Diodato Pirone, il Messaggero 9/1/2014, 9 gennaio 2014
JOBS ACT – [IL NUOVO CODICE ENTRO OTTO MESI E MENO CONTRATTI]
• 1 PIANO INDUSTRIALE PER SETTE SETTORI
Il primo obiettivo è quello di definire sette settori economici - ad alta intensità di manodopera - sui quali far convergere lo sforzo dell’intero Paese. Il ragionamento è: i posti di lavoro si creano facendo ripartire l’economia reale. Dunque il settore chiave che si intende ”riaccendere” è quello dell’industria manifatturiera legata al made in Italy e all’export. Per ottenere questo risultato si punta a spostare risorse a favore di chi produce. Come? Ad esempio riducendo le bollette delle imprese del 10% (un intervento che potrebbe valere intorno ai 2 miliardi di euro) tagliando la quota base dei prezzi garantiti ai produttori di energia.
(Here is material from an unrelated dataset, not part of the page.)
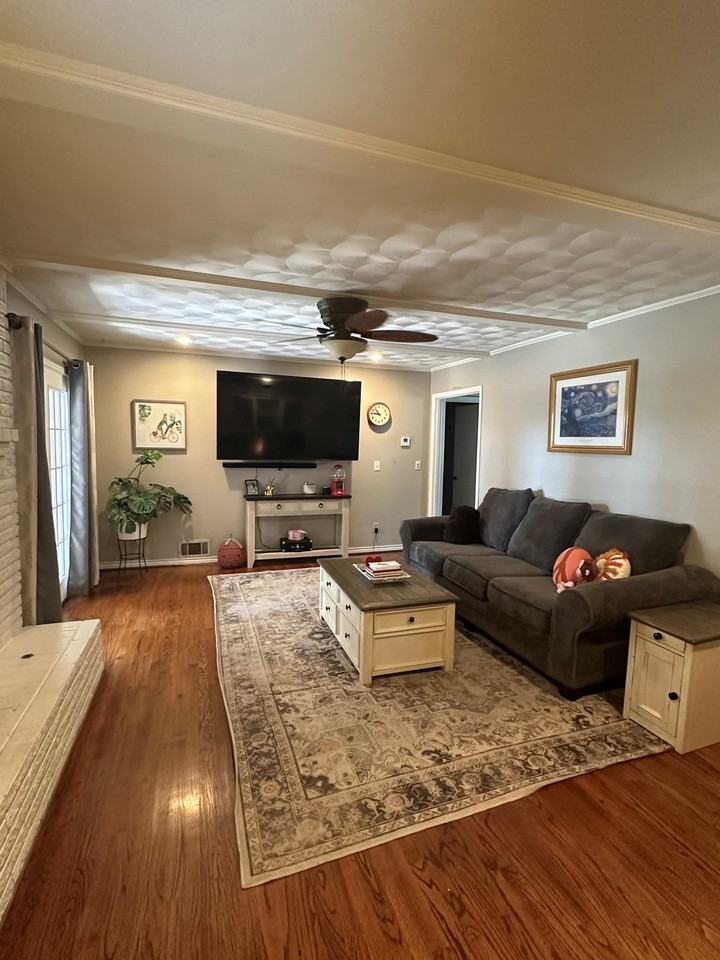 10533 Yorkford Dr #NA - Photo 2 of 14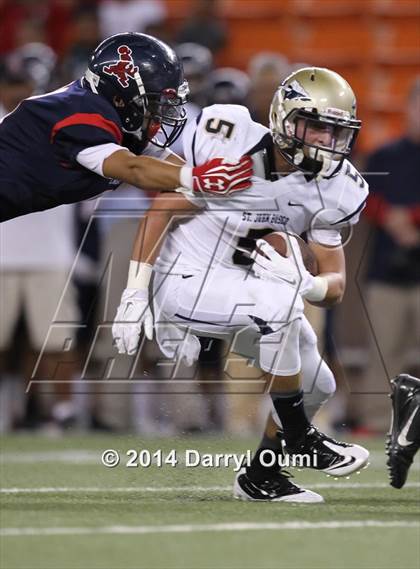 Thumbnail 3 in St. John Bosco vs. St. Louis photogallery.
I sette settori individuati sono: a) cultura, turismo, agricoltura e cibo; b) made in Italy (dalla moda al design, passando per l’artigianato e per i makers); c) nuove tecnologie; d) Green Economy; e) servizi alla persona (o nuovo welfare); f) edilizia; g) manifattura. Per ”piano industriale” per questi settori non si intende un piano di destinazione di fondi pubblici ma di un insieme di misure che possano trasferire risorse (ad esempio aumentando le tasse sui guadagni di Borsa e tagliando l’Irap) e alleggerire il fardello burocratico.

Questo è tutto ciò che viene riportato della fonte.